Procès de Mazan: son corps en usufruit
«Quand j’ai lu l’histoire, j’ai eu du dégoût, même du dégoût d’être un homme. (…) J’espère qu’il y aura de vraies condamnations, de vrais exemples.» Il a 26 ans et il manifestait samedi à Clermont-Ferrand en soutien à Gisèle Pelicot, droguée par son mari puis livrée en pâture, durant des années, à des dizaines de violeurs recrutés sur internet. Quelque 10’000 personnes ont défilé samedi en France à l’occasion du procès hors normes qui s’est ouvert début septembre devant le tribunal d’Avignon. Pour que «la honte change de camp».
Pour Gisèle Pelicot, la honte a déjà changé de camp: c’est tête haute et à visage découvert, refusant le huis clos, qu’elle est apparue au procès de son ex-mari – procès suspendu lundi matin en raison de l’absence du principal accusé. La dignité de cette femme de 71 ans retourne le tabou des violences sexuelles qui conduit trop souvent les victimes à endosser la salissure.
Le caractère monstrueux des agissements de Dominique Pelicot sera peut-être qualifié psychiatriquement. Au vu des premières déclarations, l’implication des 51 accusés comparaissant devant la Cour correctionnelle du Vaucluse ne le sera pas. Si certains ont des antécédents de violence envers les femmes, bien d’autres apparaissent comme de bons pères de famille ou des voisins sans histoire.

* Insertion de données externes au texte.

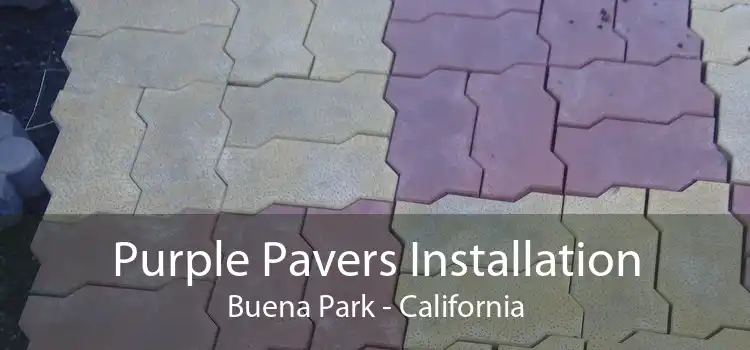 Purple Pavers Installation Buena Park - California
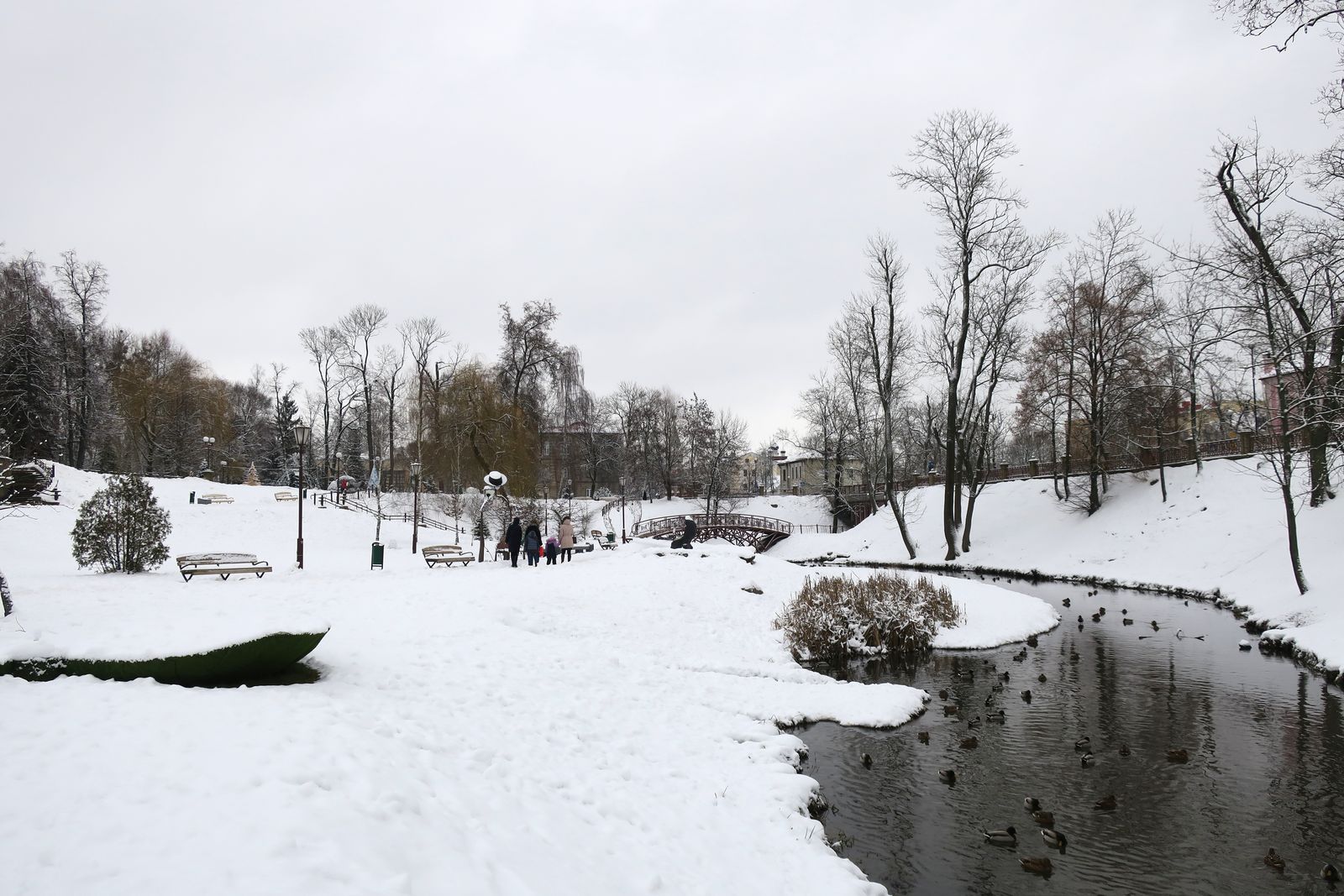 Парк Жилибера, image of landscape/habitat.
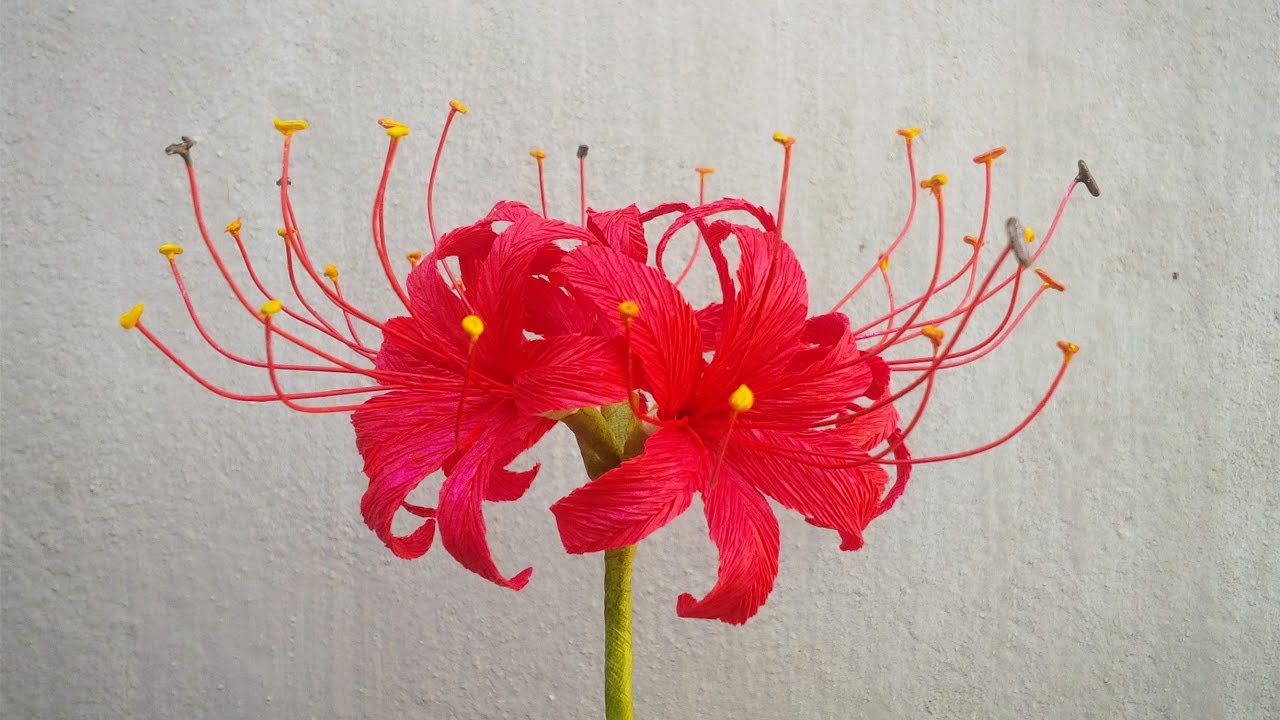 АВС ТВ | Как сделать красную липу бумаги Бумажные цветы из бумаги Креп - Craft Tutorial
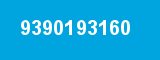 9390193160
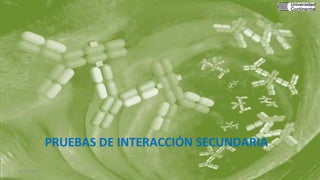 PRUEBAS DE INTERACCIÓN SECUNDARIA
30/05/2020 13
 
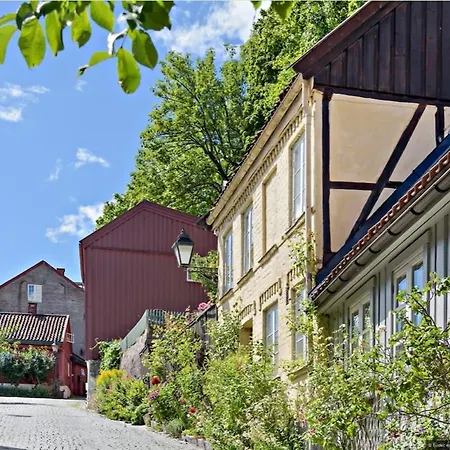 Beautiful Downtown In Apartman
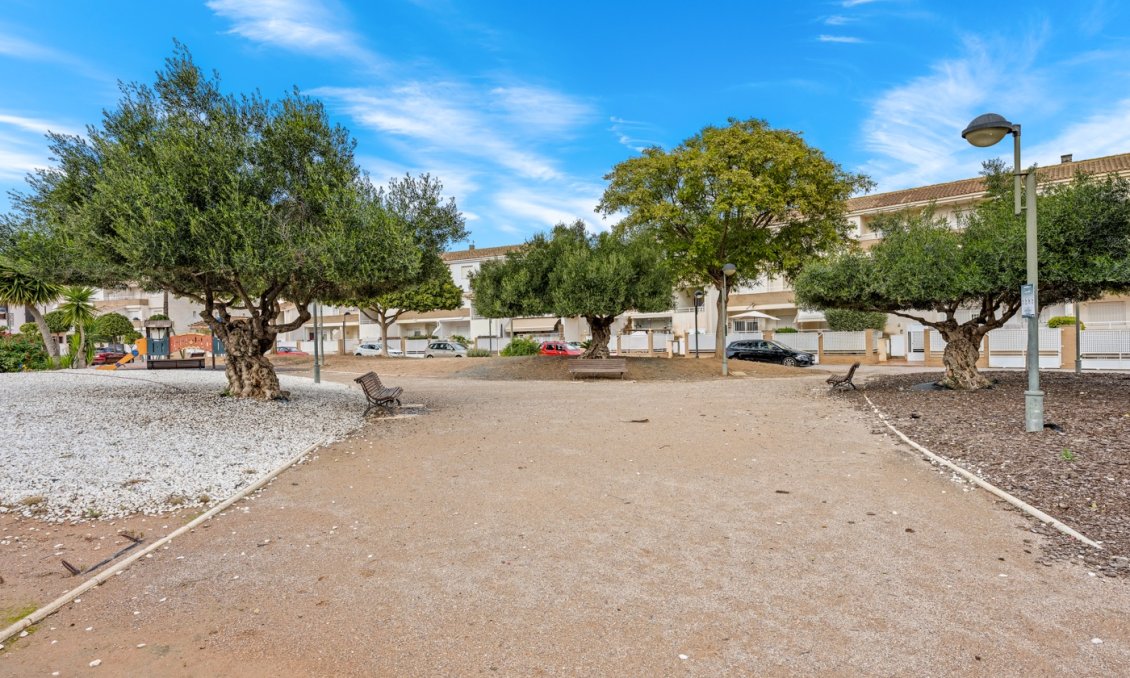 Használt Ingatlanok - Apartman -
Torre Pacheco - Inland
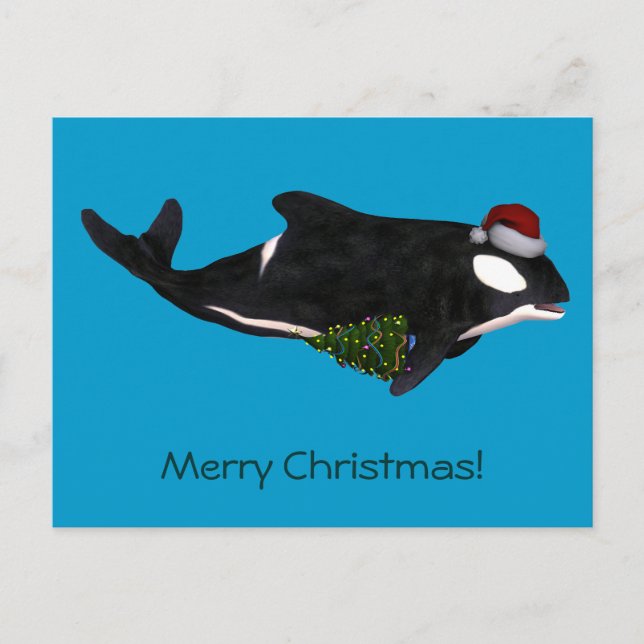 Festive Killer Whale Helg Vykort (Framsida)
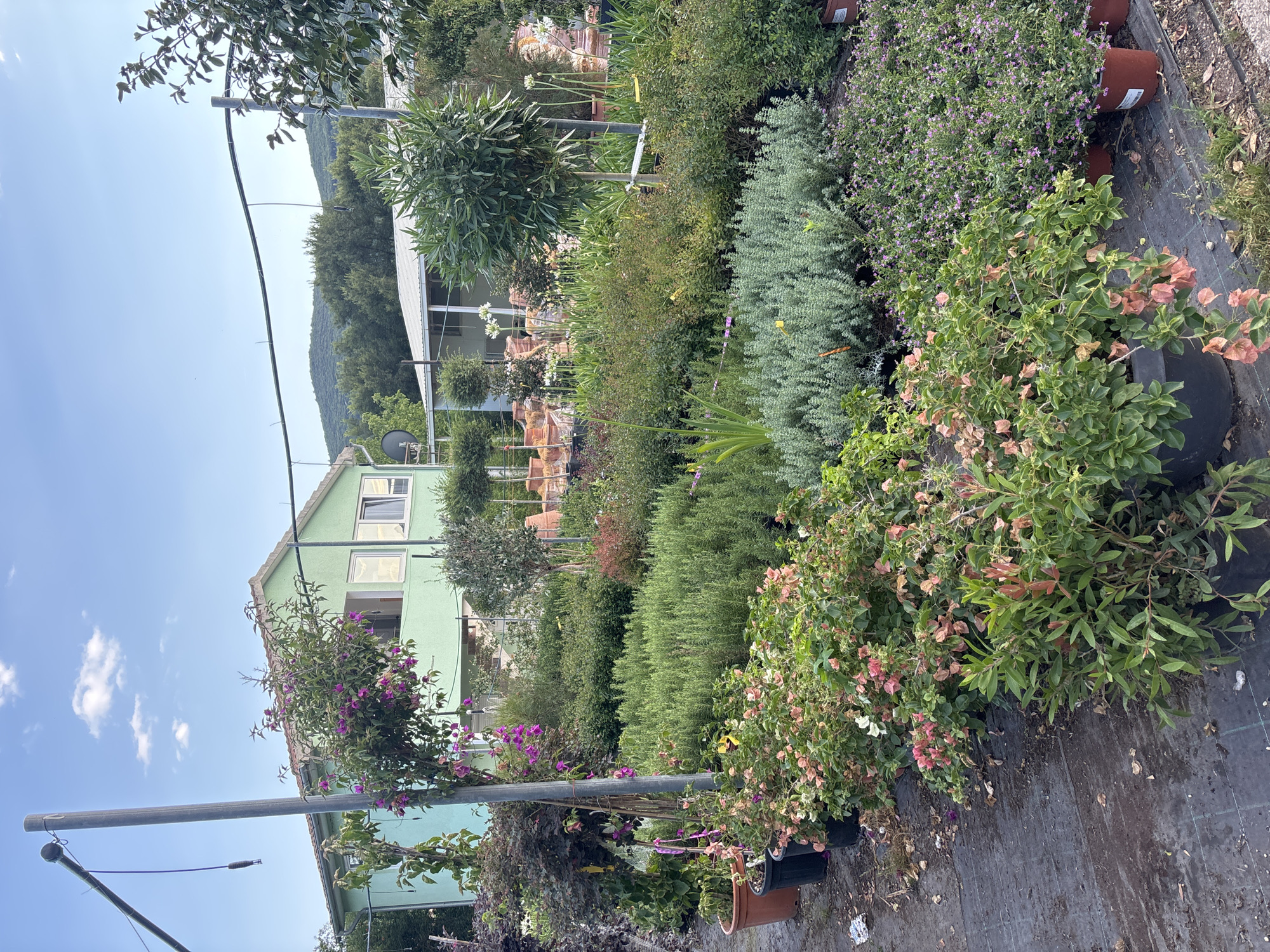 This image depicts a plant nursery located in Radanovići, Montenegro. The scene is dominated by an abundance of potted plants arranged outdoors. In the background, a light green, two-story building with white-framed windows and a tiled roof is visible. Adjacent to it, a white-roofed structure, possibly a greenhouse or another building, is also present. Rolling green hills covered in trees form the backdrop under a clear blue sky with scattered white clouds.
The foreground and midground are filled with various types of plants, including flowering bushes with pink and peach blossoms, dense green shrubs, and taller plants with dark foliage. Some plants are displayed in terracotta pots, while others are in black plastic containers. A metal pole with wires and a pulley system is situated to the left of the frame, near a flowering bush with purple blooms. The ground is covered with dark fabric, likely for weed control, and is scattered with fallen leaves and debris. There are no people visible in the image. The overall impression is of a well-stocked and operational plant nursery in a rural setting.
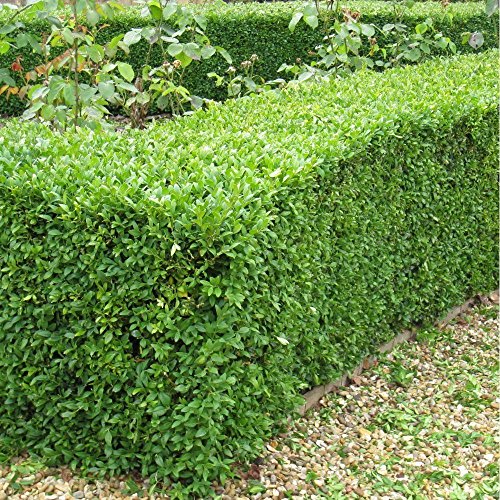 Heirloom Boxwood, Buxus Sempervirens, 30 Seeds, (Hardy Evergreen, Topiary, Hedge, Bonsai)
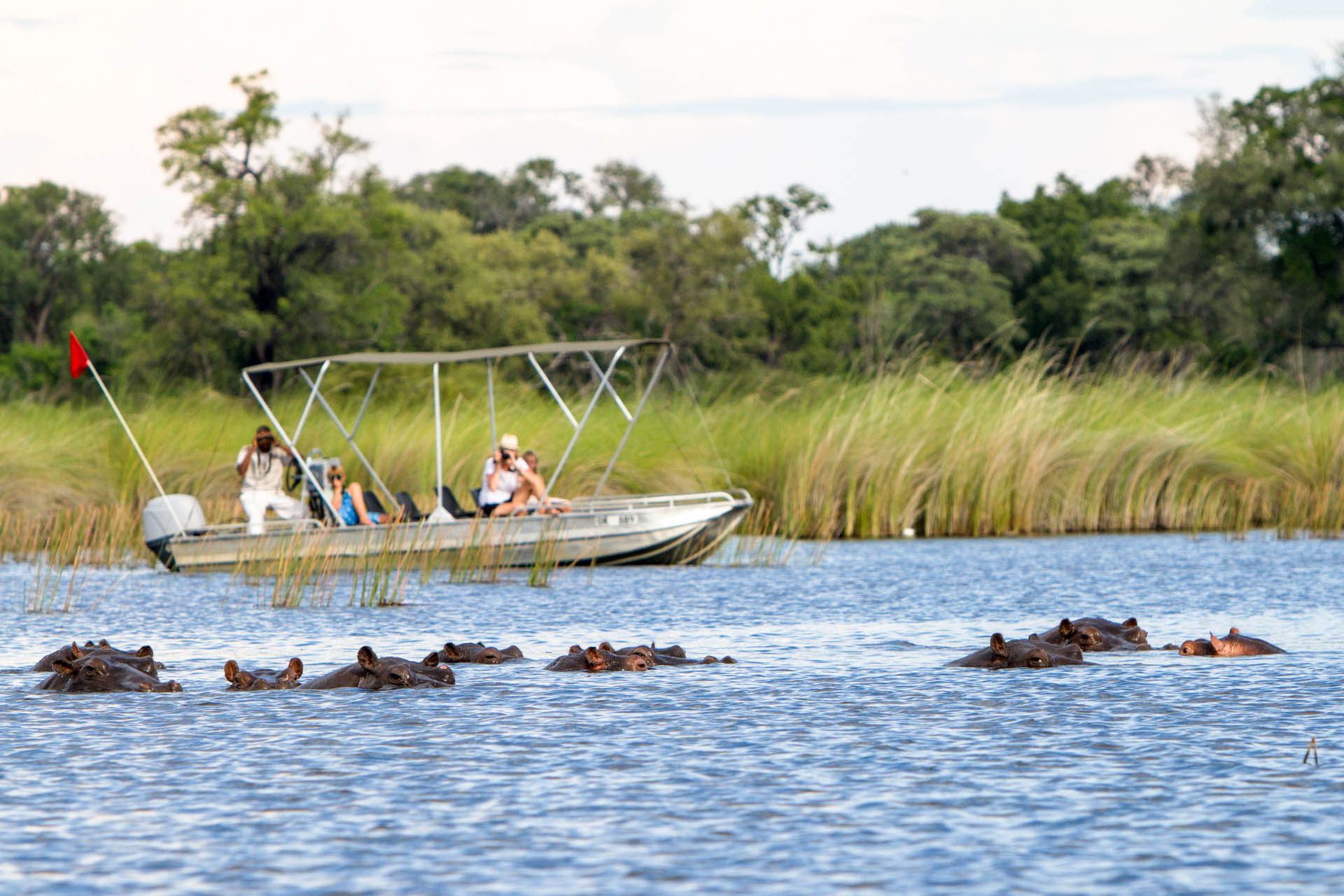 Safaris in the Okavango Delta and Moremi with an African Hideaways Group Tour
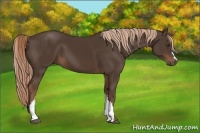 Horse Color:Liver Chestnut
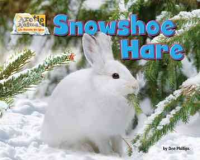 Snowshoe_hare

Ils exercent des métiers «normaux» (pompier, gardien de prison, conseiller municipal), ont des vies «normales». Mais la «normalité» de nos sociétés reste gangrenée par une misogynie profonde, (parfois) inconsciente et brutale. Il y a ceux que la passivité de la victime excite. Il y a ceux qui considèrent ne pas avoir commis de viol, puisque «c’est son mari qui propose». Femme marchandise, femme propriété privée – un fantasme systémique.
Ce procès, qui bouleverse très largement, raconte crûment comment le droit d’appropriation et de domination du corps des femmes cimente la culture du viol et reste profondément ancré dans notre civilisation – si ce mot a encore un sens. Outre des condamnations, les militantes féministes espèrent franchir une nouvelle étape dans la reconnaissance de la réalité du viol: non, les violeurs ne sont pas des monstres ou des marginaux, ils sont comme «tout le monde». L’actrice Adèle Haenel l’exprimait en 2019 sur le plateau de Mediapart: «Les monstres, ça n’existe pas. C’est notre société. C’est nous, nos amis, nos pères, c’est ça qu’on doit regarder. On n’est pas là pour les éliminer, on est là pour les faire changer. Mais il faut passer par un moment où ils se regardent, où on se regarde.»